AUTHOR=Li Dan , Liang Hongnan , Qin Pan , Wang Jia TITLE=A self-training subspace clustering algorithm based on adaptive confidence for gene expression data JOURNAL=Frontiers in Genetics VOLUME=14 YEAR=2023 URL=https://www.frontiersin.org/journals/genetics/articles/10.3389/fgene.2023.1132370 DOI=10.3389/fgene.2023.1132370 ISSN=1664-8021 ABSTRACT=

Gene clustering is one of the important techniques to identify co-expressed gene groups from gene expression data, which provides a powerful tool for investigating functional relationships of genes in biological process. Self-training is a kind of important semi-supervised learning method and has exhibited good performance on gene clustering problem. However, the self-training process inevitably suffers from mislabeling, the accumulation of which will lead to the degradation of semi-supervised learning performance of gene expression data. To solve the problem, this paper proposes a self-training subspace clustering algorithm based on adaptive confidence for gene expression data (SSCAC), which combines the low-rank representation of gene expression data and adaptive adjustment of label confidence to better guide the partition of unlabeled data.
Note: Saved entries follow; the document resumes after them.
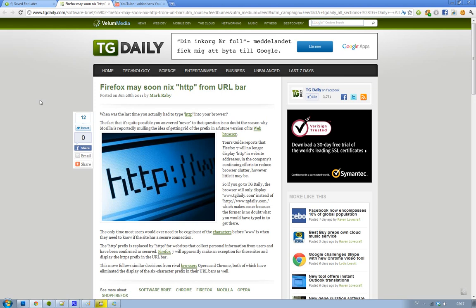If you are a Chrome user, if you are like me, then you are going to get used to it or if you are a Google Chrome user, you are already used to it because I never see those HTTP colon forward slash forward slash.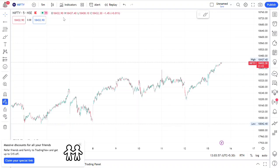Hi friends, I am here in my YouTube channel. In the next video, I will tell you how to draw support and resistance, and how to draw a trend line.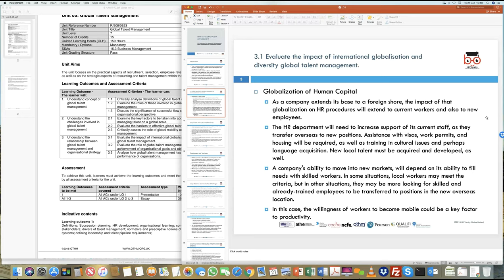Now let's understand the impacts of globalization on talent management. One clear reason talent management is becoming important is the globalization of human capital — companies expanding from one location to many others need to deploy trained and experienced workers globally. For example, the Netherlands is renowned for engineering expertise in land reclamation from oceans — they constantly reclaim land to expand their small country — and are therefore chosen by default to do projects in the Middle East requiring similar developments.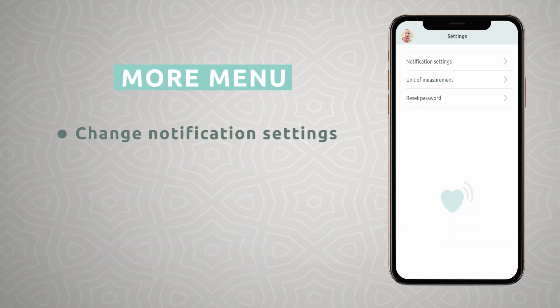Here you can change notification settings, units of measurements, and reset your password. You can also view a tour of the app again at any time.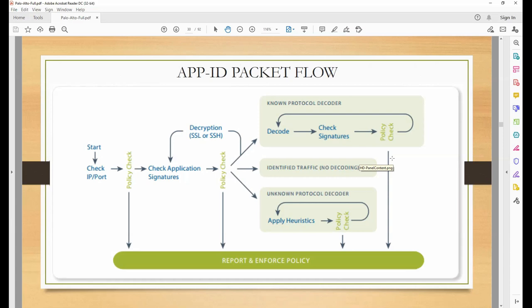So what I'm saying here - these are the three processes that Palo Alto performs for application identification. If it is a known application or known protocol, it uses one path. If it is identified traffic, it goes through another path. All the way through, it will report and enforce the policy - whatever the policy says, allow or deny, it will perform that action.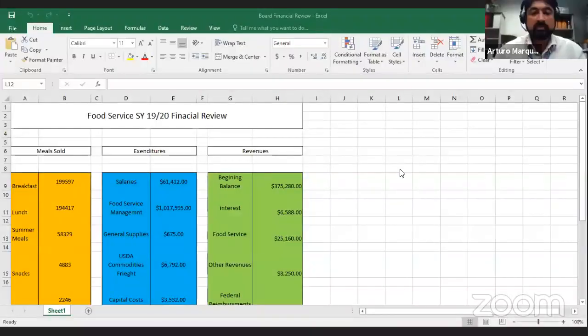Marquez: Can everyone hear me? Beautiful. Board members, thank you for having me today. Please excuse me as this is my first time presenting to the board. I'm here to give you a basic overview of the financials from school year 2021. I'll share my screen — here we go.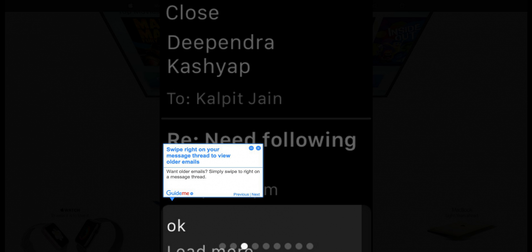Step 4: Swipe right on your message thread to view older emails. Want older emails? Simply swipe right on a message thread.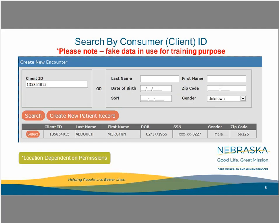Most likely, you will not know the consumer's ID. In that case, you will use the panel on the right side of the window. If this were correct, simply click on the select button to start a new encounter for this individual. For best results, you will need to have the last name, date of birth, and first name. Although, as you will see in the next few screens, fewer elements can be used.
The superiority of the proposed SSCAC algorithm is mainly reflected in the following aspects. 1) In order to improve the discriminative property of gene expression data, the low-rank representation with distance penalty is used to mine the potential subspace structure of data. 2) Considering the problem of mislabeling in self-training, a semi-supervised clustering objective function with label confidence is proposed, and a self-training subspace clustering framework is constructed on this basis. 3) In order to mitigate the negative impact of mislabeled data, an adaptive adjustment strategy based on gravitational search algorithm is proposed for label confidence. Compared with a variety of state-of-the-art unsupervised and semi-supervised learning algorithms, the SSCAC algorithm has demonstrated its superiority through extensive experiments on two benchmark gene expression datasets.